Membership Inference Test: Auditing Training Data in Object Classification Models
Gonzalo Mancera , Daniel DeAlcala , Aythami Morales , Ruben Tolosana , Julian Fierrez
Published on arXiv
2601.12929
Membership Inference Attack
OWASP ML Top 10 — ML04
Key Finding
Achieves 70–80% precision in distinguishing training from test samples on object classification models, with performance dependent on the depth of the detection layer used as MINT module input.
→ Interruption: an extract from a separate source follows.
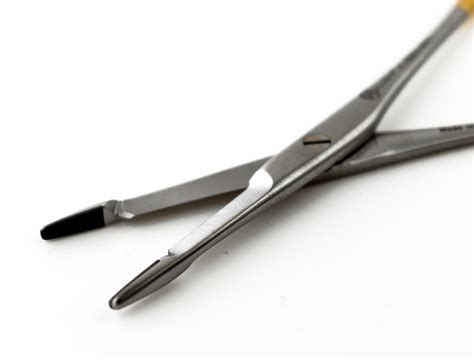 Olsen Hegar Tungsten Carbide Smooth Needle Holders W Scissor And Square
MINT (Membership Inference Test)
Novel technique introduced
In this research, we analyze the performance of Membership Inference Tests (MINT), focusing on determining whether given data were utilized during the training phase, specifically in the domain of object recognition. Within the area of object recognition, we propose and develop architectures tailored for MINT models. These architectures aim to optimize performance and efficiency in data utilization, offering a tailored solution to tackle the complexities inherent in the object recognition domain. We conducted experiments involving an object detection model, an embedding extractor, and a MINT module. These experiments were performed in three public databases, totaling over 174K images. The proposed architecture leverages convolutional layers to capture and model the activation patterns present in the data during the training process. Through our analysis, we are able to identify given data used for testing and training, achieving precision rates ranging between 70% and 80%, contingent upon the depth of the detection module layer chosen for input to the MINT module. Additionally, our studies entail an analysis of the factors influencing the MINT Module, delving into the contributing elements behind more transparent training processes.
Key Contributions
- Novel CNN-based MINT architectures tailored for the object classification domain, leveraging activation patterns from intermediate detection layers
- Comprehensive evaluation across three public datasets totaling 174K+ images under multiple experimental scenarios
- Analysis of factors (e.g., detection module layer depth) influencing MINT performance, achieving 70–80% precision distinguishing training from test samples
🛡️ Threat Analysis
The paper directly proposes and evaluates membership inference architectures (MINT) that determine whether specific images were part of a model's training set — the core ML04 threat. The paper uses activation patterns and embeddings from object detection models to train binary classifiers that distinguish training from test samples.